◆ Activity
Give back an exact copy of the lines in the records below, from the line that has "Immagine di Mulo" through the line that has "Vigna di Casalferro", and nothing besides.

BEGIN Data to process

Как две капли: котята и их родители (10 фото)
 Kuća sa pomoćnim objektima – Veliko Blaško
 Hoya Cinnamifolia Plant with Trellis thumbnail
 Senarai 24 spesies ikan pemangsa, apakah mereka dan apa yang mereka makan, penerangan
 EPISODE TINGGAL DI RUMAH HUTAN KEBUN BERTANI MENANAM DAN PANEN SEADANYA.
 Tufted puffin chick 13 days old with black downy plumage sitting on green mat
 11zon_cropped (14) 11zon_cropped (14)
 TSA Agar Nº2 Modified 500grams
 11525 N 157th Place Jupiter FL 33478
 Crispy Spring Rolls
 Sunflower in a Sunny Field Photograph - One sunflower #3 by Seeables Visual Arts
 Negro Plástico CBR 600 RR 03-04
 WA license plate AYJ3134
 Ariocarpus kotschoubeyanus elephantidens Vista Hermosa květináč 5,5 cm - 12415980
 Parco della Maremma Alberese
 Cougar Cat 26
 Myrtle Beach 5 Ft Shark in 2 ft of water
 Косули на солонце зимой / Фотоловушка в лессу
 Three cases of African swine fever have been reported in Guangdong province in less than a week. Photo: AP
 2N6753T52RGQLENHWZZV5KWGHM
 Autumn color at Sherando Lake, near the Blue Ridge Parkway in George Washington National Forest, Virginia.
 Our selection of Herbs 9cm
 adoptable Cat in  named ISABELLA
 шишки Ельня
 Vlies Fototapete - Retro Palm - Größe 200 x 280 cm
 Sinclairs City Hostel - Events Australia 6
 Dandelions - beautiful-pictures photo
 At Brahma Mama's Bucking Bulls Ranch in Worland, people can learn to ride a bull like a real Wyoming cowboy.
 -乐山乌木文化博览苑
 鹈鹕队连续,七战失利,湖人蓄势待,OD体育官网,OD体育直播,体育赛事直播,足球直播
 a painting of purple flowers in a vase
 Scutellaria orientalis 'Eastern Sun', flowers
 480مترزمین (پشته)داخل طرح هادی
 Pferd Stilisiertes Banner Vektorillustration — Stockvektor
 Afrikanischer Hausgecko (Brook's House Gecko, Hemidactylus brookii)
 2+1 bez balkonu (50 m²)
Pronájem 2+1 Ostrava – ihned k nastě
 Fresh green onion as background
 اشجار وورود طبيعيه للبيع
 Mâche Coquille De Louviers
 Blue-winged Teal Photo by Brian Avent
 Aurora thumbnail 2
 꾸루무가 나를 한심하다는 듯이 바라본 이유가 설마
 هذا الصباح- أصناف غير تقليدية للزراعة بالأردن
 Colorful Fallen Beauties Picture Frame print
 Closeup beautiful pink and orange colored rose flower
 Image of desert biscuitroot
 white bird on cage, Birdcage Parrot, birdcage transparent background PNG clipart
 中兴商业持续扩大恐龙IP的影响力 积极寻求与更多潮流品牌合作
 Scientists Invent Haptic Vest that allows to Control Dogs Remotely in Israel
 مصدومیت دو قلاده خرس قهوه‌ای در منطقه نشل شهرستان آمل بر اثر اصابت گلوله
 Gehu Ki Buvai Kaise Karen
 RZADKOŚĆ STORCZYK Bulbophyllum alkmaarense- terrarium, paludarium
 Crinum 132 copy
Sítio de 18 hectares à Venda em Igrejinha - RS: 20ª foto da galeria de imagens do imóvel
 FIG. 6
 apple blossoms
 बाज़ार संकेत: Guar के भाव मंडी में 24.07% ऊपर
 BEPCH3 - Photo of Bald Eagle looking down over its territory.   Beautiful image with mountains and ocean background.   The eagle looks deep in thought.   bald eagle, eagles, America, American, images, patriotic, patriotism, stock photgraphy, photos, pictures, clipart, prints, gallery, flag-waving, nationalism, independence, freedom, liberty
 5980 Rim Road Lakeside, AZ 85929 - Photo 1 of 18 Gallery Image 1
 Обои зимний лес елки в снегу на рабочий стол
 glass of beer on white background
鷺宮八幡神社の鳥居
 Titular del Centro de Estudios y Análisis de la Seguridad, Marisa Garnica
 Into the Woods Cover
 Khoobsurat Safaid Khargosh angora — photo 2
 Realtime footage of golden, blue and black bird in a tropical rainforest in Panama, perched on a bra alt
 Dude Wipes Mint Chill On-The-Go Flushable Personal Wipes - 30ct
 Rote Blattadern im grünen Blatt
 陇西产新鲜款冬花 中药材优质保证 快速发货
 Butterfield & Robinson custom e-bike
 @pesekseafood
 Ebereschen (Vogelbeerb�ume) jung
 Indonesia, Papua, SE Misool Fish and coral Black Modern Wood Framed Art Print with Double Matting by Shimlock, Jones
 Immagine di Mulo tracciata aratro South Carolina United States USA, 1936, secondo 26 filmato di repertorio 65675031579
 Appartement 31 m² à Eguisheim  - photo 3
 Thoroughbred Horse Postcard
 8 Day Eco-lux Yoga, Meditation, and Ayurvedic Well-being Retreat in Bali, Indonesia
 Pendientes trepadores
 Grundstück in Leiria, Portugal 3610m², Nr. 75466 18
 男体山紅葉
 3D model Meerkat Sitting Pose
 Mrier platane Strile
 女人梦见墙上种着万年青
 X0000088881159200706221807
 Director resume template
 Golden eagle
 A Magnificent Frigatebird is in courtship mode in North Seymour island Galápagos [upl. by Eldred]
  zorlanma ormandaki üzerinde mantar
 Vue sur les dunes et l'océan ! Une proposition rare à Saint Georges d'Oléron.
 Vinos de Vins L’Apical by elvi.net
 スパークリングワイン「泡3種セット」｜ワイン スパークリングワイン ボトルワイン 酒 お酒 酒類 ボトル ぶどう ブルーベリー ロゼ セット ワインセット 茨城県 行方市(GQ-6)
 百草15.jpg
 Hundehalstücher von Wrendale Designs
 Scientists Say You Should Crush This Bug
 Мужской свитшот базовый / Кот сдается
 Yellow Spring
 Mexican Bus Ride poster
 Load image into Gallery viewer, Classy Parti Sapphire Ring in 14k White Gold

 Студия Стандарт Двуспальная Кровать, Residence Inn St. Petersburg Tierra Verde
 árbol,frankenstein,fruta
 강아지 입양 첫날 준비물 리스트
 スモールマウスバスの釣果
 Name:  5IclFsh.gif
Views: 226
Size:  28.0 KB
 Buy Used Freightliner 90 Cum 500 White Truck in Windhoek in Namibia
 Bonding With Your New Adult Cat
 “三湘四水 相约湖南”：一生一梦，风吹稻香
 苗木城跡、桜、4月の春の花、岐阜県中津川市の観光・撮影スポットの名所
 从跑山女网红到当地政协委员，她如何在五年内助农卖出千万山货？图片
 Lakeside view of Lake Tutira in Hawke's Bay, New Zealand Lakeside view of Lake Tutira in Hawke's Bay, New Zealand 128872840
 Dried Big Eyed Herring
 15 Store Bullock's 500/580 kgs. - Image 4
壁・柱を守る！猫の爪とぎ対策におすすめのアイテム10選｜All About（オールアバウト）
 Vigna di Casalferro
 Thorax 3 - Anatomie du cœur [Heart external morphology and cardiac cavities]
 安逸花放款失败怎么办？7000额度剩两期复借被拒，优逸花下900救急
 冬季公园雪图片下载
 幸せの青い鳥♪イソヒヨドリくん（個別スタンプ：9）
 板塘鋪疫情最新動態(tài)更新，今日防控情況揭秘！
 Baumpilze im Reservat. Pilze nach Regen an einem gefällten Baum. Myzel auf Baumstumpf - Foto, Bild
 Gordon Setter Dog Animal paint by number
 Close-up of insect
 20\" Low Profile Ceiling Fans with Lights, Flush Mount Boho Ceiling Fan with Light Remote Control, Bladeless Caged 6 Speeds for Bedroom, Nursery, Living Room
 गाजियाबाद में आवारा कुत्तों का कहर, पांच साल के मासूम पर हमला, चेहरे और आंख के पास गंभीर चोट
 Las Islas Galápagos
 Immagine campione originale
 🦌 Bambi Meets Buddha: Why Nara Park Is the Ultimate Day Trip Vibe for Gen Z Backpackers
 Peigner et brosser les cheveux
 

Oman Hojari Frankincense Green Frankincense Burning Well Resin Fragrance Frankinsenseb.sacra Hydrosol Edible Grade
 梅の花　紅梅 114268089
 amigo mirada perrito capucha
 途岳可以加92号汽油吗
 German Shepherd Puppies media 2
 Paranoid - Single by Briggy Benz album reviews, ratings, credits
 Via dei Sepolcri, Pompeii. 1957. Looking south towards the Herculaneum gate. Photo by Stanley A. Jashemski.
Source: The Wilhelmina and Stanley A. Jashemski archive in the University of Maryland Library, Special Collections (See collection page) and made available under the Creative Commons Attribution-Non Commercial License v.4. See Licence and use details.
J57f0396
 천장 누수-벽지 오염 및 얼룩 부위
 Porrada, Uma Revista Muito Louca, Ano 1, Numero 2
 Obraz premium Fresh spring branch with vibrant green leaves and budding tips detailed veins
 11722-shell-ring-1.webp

END Data to process

◆ Result of the task
 Immagine di Mulo tracciata aratro South Carolina United States USA, 1936, secondo 26 filmato di repertorio 65675031579
 Appartement 31 m² à Eguisheim  - photo 3
 Thoroughbred Horse Postcard
 8 Day Eco-lux Yoga, Meditation, and Ayurvedic Well-being Retreat in Bali, Indonesia
 Pendientes trepadores
 Grundstück in Leiria, Portugal 3610m², Nr. 75466 18
 男体山紅葉
 3D model Meerkat Sitting Pose
 Mrier platane Strile
 女人梦见墙上种着万年青
 X0000088881159200706221807
 Director resume template
 Golden eagle
 A Magnificent Frigatebird is in courtship mode in North Seymour island Galápagos [upl. by Eldred]
  zorlanma ormandaki üzerinde mantar
 Vue sur les dunes et l'océan ! Une proposition rare à Saint Georges d'Oléron.
 Vinos de Vins L’Apical by elvi.net
 スパークリングワイン「泡3種セット」｜ワイン スパークリングワイン ボトルワイン 酒 お酒 酒類 ボトル ぶどう ブルーベリー ロゼ セット ワインセット 茨城県 行方市(GQ-6)
 百草15.jpg
 Hundehalstücher von Wrendale Designs
 Scientists Say You Should Crush This Bug
 Мужской свитшот базовый / Кот сдается
 Yellow Spring
 Mexican Bus Ride poster
 Load image into Gallery viewer, Classy Parti Sapphire Ring in 14k White Gold

 Студия Стандарт Двуспальная Кровать, Residence Inn St. Petersburg Tierra Verde
 árbol,frankenstein,fruta
 강아지 입양 첫날 준비물 리스트
 スモールマウスバスの釣果
 Name:  5IclFsh.gif
Views: 226
Size:  28.0 KB
 Buy Used Freightliner 90 Cum 500 White Truck in Windhoek in Namibia
 Bonding With Your New Adult Cat
 “三湘四水 相约湖南”：一生一梦，风吹稻香
 苗木城跡、桜、4月の春の花、岐阜県中津川市の観光・撮影スポットの名所
 从跑山女网红到当地政协委员，她如何在五年内助农卖出千万山货？图片
 Lakeside view of Lake Tutira in Hawke's Bay, New Zealand Lakeside view of Lake Tutira in Hawke's Bay, New Zealand 128872840
 Dried Big Eyed Herring
 15 Store Bullock's 500/580 kgs. - Image 4
壁・柱を守る！猫の爪とぎ対策におすすめのアイテム10選｜All About（オールアバウト）
 Vigna di Casalferro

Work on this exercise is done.